Regia di Alessandro Di Robilant vedi scheda film
Ancora una storia di mafia, una storia necessaria e che va raccontata, quella di Rosario Lavatino, infelicemente (ma anche argutamente) apostrofato da Francesco Cossiga con lo sprezzante appellativo di "giudice ragazzino". Quel ragazzino stava, oltre che per la giovane età del magistrato, anche per lo sguardo che Lavatino aveva sulla sua terra inquinata da Cosa Nostra. Lo sguardo di quelli che vogliono cambiare le cose ed annientare il potere malato che imperversa nella sua patria. Il film dello svizzero Alessandro Di Robilant restituisce tutta la grandezza normale del civil servant Lavatino, grazie ad una superba interpretazione di un Giulio Scarpati scarno e dignitoso e ad una sceneggiatura di ferro firmata, tra l'altro, dall'espertissimo Ugo Pirro.

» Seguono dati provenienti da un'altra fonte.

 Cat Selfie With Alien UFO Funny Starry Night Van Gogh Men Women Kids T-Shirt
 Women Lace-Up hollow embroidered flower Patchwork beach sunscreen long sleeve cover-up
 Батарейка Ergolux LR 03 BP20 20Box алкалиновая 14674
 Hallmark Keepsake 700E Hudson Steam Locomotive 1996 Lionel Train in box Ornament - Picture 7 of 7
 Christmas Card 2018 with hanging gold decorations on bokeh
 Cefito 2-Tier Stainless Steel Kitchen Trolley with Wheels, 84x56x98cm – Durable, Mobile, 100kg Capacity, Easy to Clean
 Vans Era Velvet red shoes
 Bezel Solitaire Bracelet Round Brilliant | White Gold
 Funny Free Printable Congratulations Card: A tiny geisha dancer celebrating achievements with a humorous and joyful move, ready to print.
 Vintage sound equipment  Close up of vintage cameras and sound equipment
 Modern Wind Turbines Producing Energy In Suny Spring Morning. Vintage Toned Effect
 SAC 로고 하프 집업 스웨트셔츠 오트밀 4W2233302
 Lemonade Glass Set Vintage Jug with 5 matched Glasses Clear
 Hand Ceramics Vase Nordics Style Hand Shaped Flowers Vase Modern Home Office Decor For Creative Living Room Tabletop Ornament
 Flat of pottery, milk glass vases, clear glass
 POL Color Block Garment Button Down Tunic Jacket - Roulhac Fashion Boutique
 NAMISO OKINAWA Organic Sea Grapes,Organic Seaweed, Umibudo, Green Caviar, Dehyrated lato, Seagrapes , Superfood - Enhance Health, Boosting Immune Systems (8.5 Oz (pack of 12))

Ineceppibile opera di denuncia e al contempo film con una forte consapevolezza di una lunga tradizione alle spalle, Il giudice ragazzino ha il grande pregio di rievocare le gesta del protagonista senza enfasi e con molta naturalezza, riuscendo nell'intento della buona azione veicolata da un buon cinema. Fanno macchia, nel cast di supporto, l'ottimo Renato Carpentieri come mafioso della porta accanto e Roberto Nobile, ma a lasciare il segno sono i dolenti e premurosi genitori di Regina Bianchi e Leopoldo Trieste. Uno tra gli ultimi esempi di quel cinema civile medio e popolare che di lì a pochi anni sarebbe stato assorbito dalle fiction spesso mediocri del servizio pubblico.